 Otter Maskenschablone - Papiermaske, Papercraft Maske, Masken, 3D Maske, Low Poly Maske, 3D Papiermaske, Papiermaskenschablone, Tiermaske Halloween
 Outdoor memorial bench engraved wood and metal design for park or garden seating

^^^^^^^^

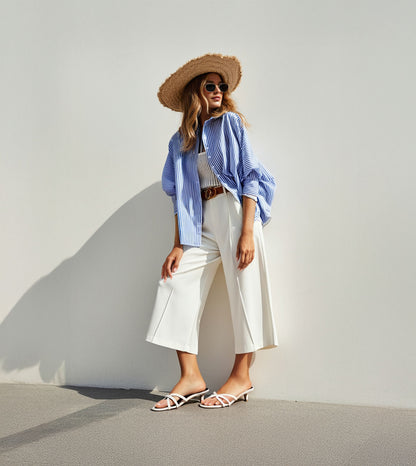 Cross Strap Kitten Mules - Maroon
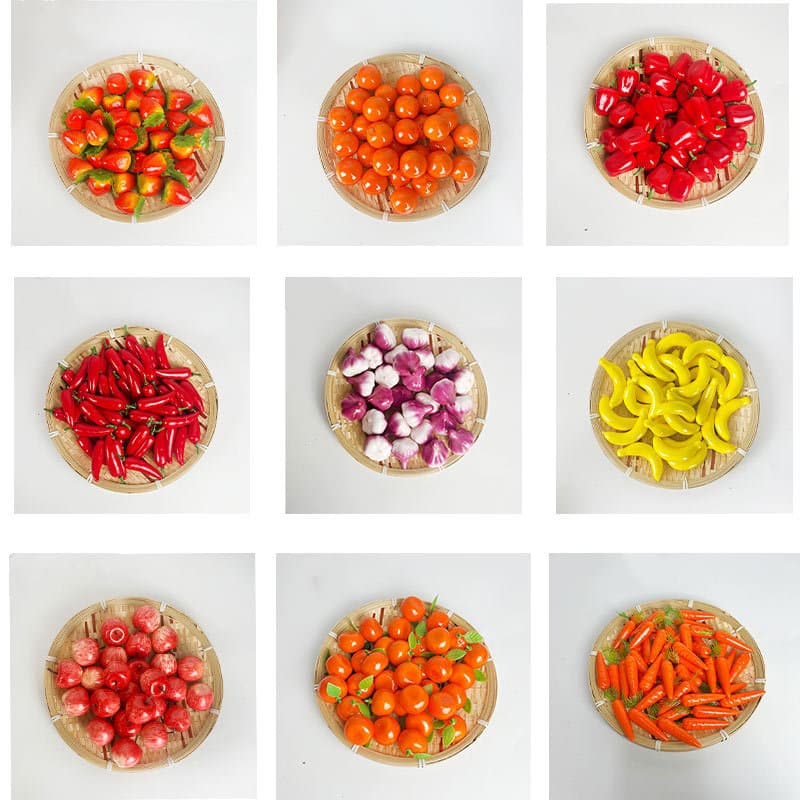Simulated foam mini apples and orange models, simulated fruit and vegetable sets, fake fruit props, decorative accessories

^^^^^^^^

_What you are asked to do_. Above are the records; restate exactly the lines from the one containing "Cross Strap Kitten Mules - Maroon" through the one containing "Simulated foam mini", keeping pictures out.

_Worked solution_.
 Cross Strap Kitten Mules - Maroon
Simulated foam mini apples and orange models, simulated fruit and vegetable sets, fake fruit props, decorative accessories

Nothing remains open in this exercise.